Goal of the exercise: Omit the pictures found among the records and print everything else exactly as it stands.

Extracted information:

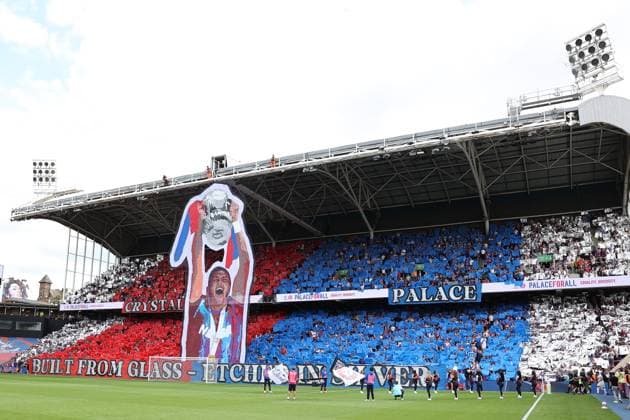 Crystal Palace v Nottingham Forest Premier League 24 08 2025. Crystal Palace tifo during the Premier League match between Crystal Palace and Nottingham Forest at Selhurst Park, London, England on 24 August 2025. London Selhurst Park Greater London England Editorial use only DataCo restrictions apply See www.football-dataco.com , Copyright: xPaulxPhelanx PSI-22678-0014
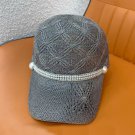 Baseball Cap Women Breathable Cool Mesh Hat Gray Visor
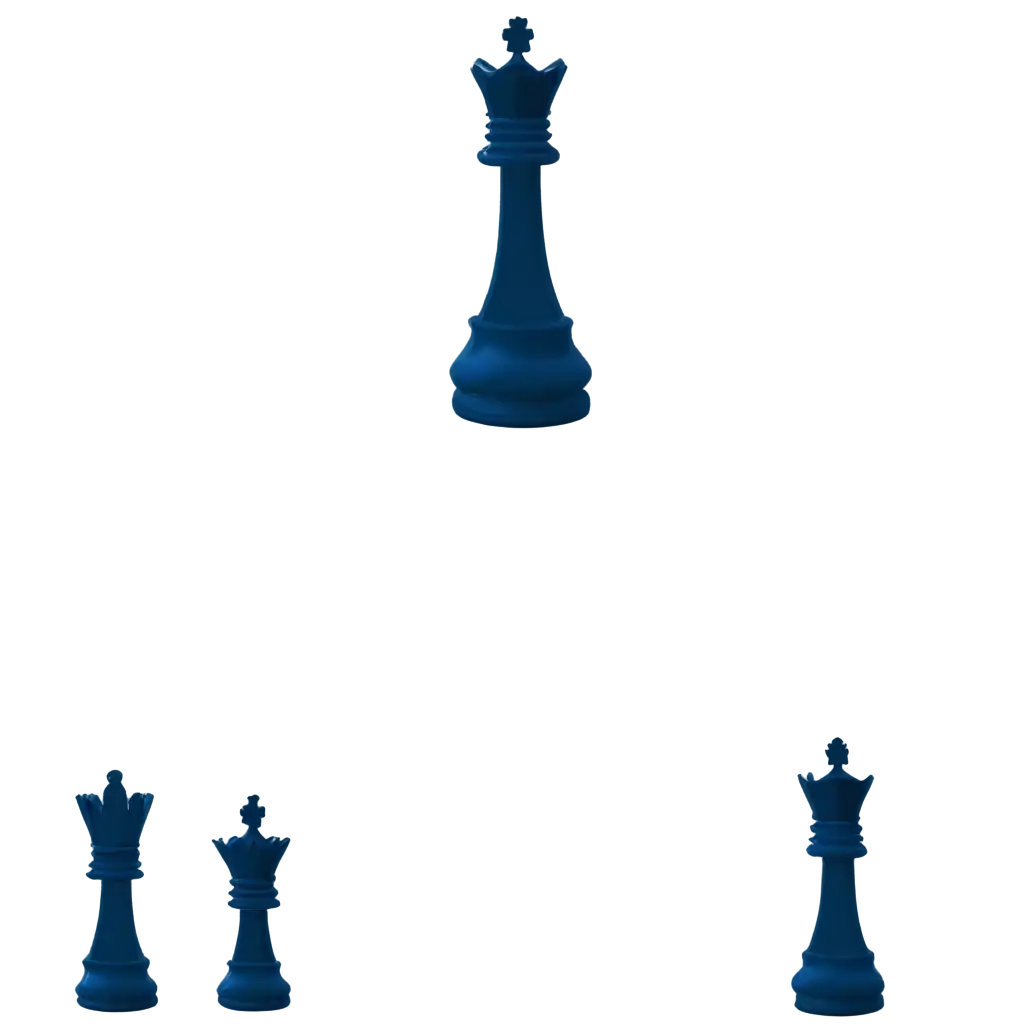 Chess-King-in-Dark-Blue-PNG-Image-Enhance-Your-Designs-with-Elegance-and-Depth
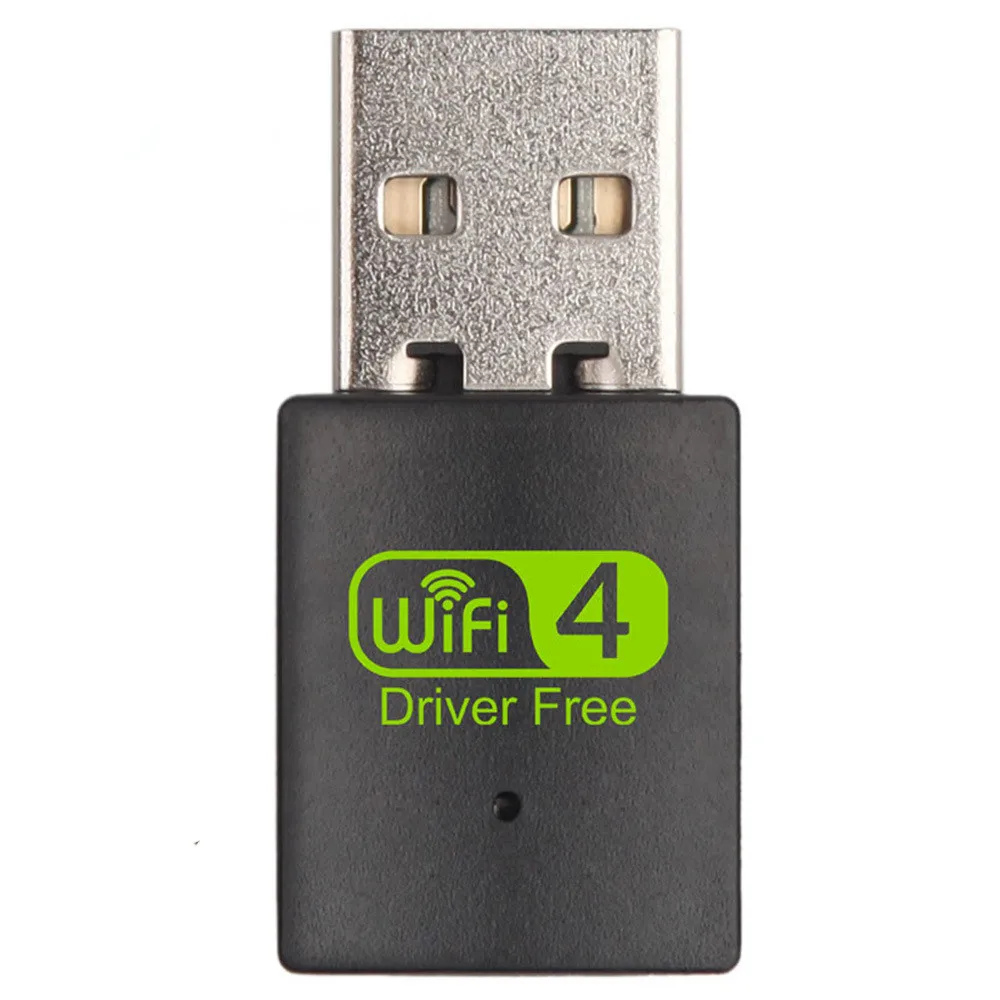 Пользовательский логотип драйвер бесплатно мини 300 Мбит/с USB WiFi адаптер Plug & Play беспроводная сетевая карта для ПК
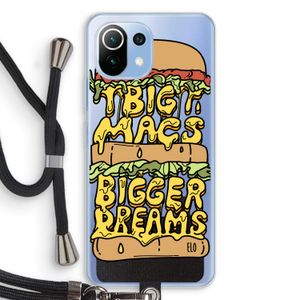 Big Macs Bigger Dreams: Xiaomi Mi 11 Lite Transparant Hoesje met koord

Answer space:
 Crystal Palace v Nottingham Forest Premier League 24 08 2025. Crystal Palace tifo during the Premier League match between Crystal Palace and Nottingham Forest at Selhurst Park, London, England on 24 August 2025. London Selhurst Park Greater London England Editorial use only DataCo restrictions apply See www.football-dataco.com , Copyright: xPaulxPhelanx PSI-22678-0014
 Baseball Cap Women Breathable Cool Mesh Hat Gray Visor
 Chess-King-in-Dark-Blue-PNG-Image-Enhance-Your-Designs-with-Elegance-and-Depth
 Пользовательский логотип драйвер бесплатно мини 300 Мбит/с USB WiFi адаптер Plug & Play беспроводная сетевая карта для ПК
 Big Macs Bigger Dreams: Xiaomi Mi 11 Lite Transparant Hoesje met koord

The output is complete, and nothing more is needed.